Ich stehe nicht im aktuellen Wahlkampf, und deswegen rede ich hier zu etwas, was mir seit 20 Jahren als deutscher Sozialdemokrat das Grundsätzlichste ist: die Verantwortung vor unserer Geschichte. Das ist insbesondere seit zwei Wochen, seit dem, was in der letzten Sitzungswoche hier passiert ist, ein großes Thema in unserer Republik, besprochen von unterschiedlichen Seiten. Ich will zuerst sagen, an welcher Stelle ich unglücklich mit dieser Diskussion bin. Nein, Union und FDP sind keine Faschisten, auch nicht klammheimlich. Man stürmt keine Geschäftsstellen, man zerstört keine Plakate, man droht anderen Menschen nicht.
(Beifall bei der SPD, dem BÜNDNIS 90/DIE GRÜNEN, der FDP und der Linken sowie bei Abgeordneten der CDU/CSU)
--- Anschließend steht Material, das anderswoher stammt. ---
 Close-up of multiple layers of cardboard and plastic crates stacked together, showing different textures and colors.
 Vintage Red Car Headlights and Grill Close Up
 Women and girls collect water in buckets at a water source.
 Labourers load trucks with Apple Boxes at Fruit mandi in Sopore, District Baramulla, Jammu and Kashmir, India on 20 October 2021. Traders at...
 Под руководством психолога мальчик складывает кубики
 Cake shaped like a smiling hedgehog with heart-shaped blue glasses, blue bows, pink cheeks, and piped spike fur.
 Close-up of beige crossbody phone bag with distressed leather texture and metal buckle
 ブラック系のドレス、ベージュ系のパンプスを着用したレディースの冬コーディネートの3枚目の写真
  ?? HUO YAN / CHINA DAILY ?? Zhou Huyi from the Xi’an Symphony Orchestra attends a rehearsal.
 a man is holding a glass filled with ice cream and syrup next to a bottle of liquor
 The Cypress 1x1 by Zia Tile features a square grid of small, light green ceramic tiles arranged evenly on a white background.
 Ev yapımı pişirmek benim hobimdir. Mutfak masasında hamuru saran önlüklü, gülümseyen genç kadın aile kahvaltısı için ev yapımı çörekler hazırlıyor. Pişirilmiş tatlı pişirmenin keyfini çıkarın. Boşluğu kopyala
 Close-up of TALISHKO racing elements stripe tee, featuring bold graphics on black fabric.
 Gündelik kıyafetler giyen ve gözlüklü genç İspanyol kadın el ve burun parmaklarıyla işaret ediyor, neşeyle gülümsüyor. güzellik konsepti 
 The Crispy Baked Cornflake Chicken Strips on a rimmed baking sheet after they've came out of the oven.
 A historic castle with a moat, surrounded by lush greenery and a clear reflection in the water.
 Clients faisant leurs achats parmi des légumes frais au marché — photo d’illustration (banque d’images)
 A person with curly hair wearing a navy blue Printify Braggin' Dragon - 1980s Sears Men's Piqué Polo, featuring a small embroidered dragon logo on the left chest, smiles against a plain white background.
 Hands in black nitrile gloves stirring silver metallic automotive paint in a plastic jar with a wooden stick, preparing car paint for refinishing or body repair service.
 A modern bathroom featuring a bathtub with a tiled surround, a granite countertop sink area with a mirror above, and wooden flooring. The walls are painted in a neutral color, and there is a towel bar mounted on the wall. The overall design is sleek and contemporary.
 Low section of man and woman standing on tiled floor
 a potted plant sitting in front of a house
Der richtige Konflikt darf nicht mit den falschen Argumenten ausgetragen werden. Aber ausgetragen werden muss er sehr wohl. Deswegen lohnt es sich, auf eine andere Stelle der Debatte und die Stilverschiebung zu schauen, die mir aufstößt und die mir große Sorgen macht. Über die möchte ich heute sprechen.
Ich möchte über das sprechen, was Michel Friedman Ihnen und uns allen ins Stammbuch geschrieben hat. Das wohl prominenteste Gesicht der jüdischen Community in Deutschland attestiert Ihrer Partei, der CDU, eine – Zitat – „katastrophale Zäsur“, ein „unentschuldbares Machtspiel“ und schlussfolgert, dass er hier, wenn der AfD zu immer mehr Macht verholfen wird, nicht mehr leben könne. Ein deutscher Staatsbürger jüdischen Glaubens sagt das und tritt aus der CDU aus. Es gab Zeiten, da wäre anschließend in der CDU kein Stein auf dem anderen geblieben. Heute wird der Störenfried angestrengt ignoriert.
(Beifall bei Abgeordneten der SPD und des BÜNDNISSES 90/DIE GRÜNEN)
Herr Merz wurde am Sonntag im TV-Duell von Frau Illner auf all das angesprochen, und es passierte etwas, was viel über die CDU unter Ihnen, über Ihren Wertekanon und vielleicht auch über den politischen Anstand verrät. Der Vorsitznachfolger von Adenauer und Kohl ignorierte die Frage, ob Friedmans Austritt ihn nicht schmerze. Er wendete sie stattdessen zum Vorwurf: Ihn schmerze – Zitat –, „dass wir … Demonstrationen haben, die über dieses Thema „Kampf gegen rechts“ geführt werden, aber kaum jemand in unserem Land noch an die Opfer denkt, an die Familien denkt und dafür … mal auf die Straße geht“. Zitat Ende. Als ginge nicht beides gleichzeitig,
(Beatrix von Storch [AfD]: Das eine passiert halt nicht!)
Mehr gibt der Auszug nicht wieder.